O conceito de responsabilidade moral, para Sartre, é a afirmação de um compromisso por parte dos seres humanos com as situações vividas. Responsabilidade é a consciência de ser o autor consciente do projeto existencial. O ser humano, ao tomar decisões que criam seu mundo e sua situação, é responsável pelo projeto. Assim, Sartre coloca a responsabilidade como uma consequência lógica da liberdade. Ele está comprometido com a situação que escolheu de forma completamente livre. Isso é uma alusão ao que foi dito antes sobre a situação e as responsabilidades envolvidas na escolha de uma situação particular.
Sartre não se considera, em primeiro lugar, um humanista. Ele se opõe ao marxismo e à religião em suas abordagens. Defende o existencialismo como uma doutrina de liberdade, responsabilidade, compromisso com a ação na situação e de natureza otimista. Assim, o existencialismo de Sartre representa um status moral e de responsabilidade. Como regra geral, o autor se opõe à concepção mais geral do ser humano, que o estabelece como uma ideia preconcebida: como um fim e superior. Essas ideias são reificações para Sartre, pois o homem nada mais é do que pura liberdade e possibilidade. Pode-se pensar o homem como uma transcendência contínua. Assim, o existencialismo se torna um humanismo transcendente ao conceber o homem como alguém capaz de projetar-se e ser responsável por sua existência, seja qual for a situação que escolhemos para viver.
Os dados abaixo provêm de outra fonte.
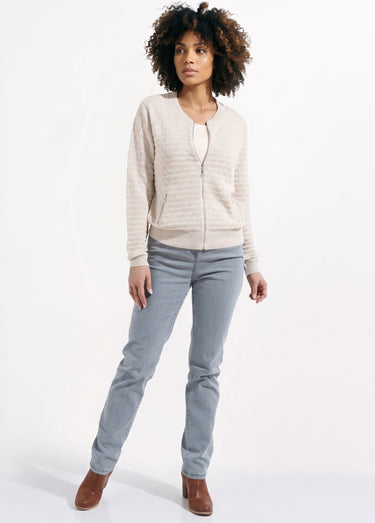 Gilet zippé esprit bomber maille brillante Beige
Finalmente, é importante notar a Crítica da Razão Dialética de Sartre, que se situa no movimento histórico dos anos 1960. A totalidade faz parte da existência humana individual. Não se pode viver a liberdade individual fora do grupo social a que se pertence. A partir da razão dialética, o existencialismo é estabelecido como uma ideologia burguesa parasitária. Contudo, Sartre considera o marxismo como o contexto filosófico de seu tempo, e a visão adequada da liberdade é o materialismo histórico marxista. Isso significa que o indivíduo é livre quando faz parte do processo dialético histórico. Sartre acredita que a história verdadeiramente dialética é feita por grupos humanos. Estes são os grupos que veem sua própria liberdade na liberdade dos outros e se sincronizam para agir e transformar a sociedade, concordando com a expressão da liberdade. Eles estão em sintonia com a expressão da liberdade individual. Mas, para Sartre, a existência humana é individual, porque o projeto é o trabalho de um indivíduo. E a liberdade, portanto, também tem um caráter individual. Embora devamos ter em mente que um indivíduo sozinho não pode mudar a história, por maior que seja sua liberdade individual. A mudança histórica nunca pode ser um projeto individual, mas deve ser um projeto em grupo, onde, como explicado acima, há a mesma expressão de liberdade.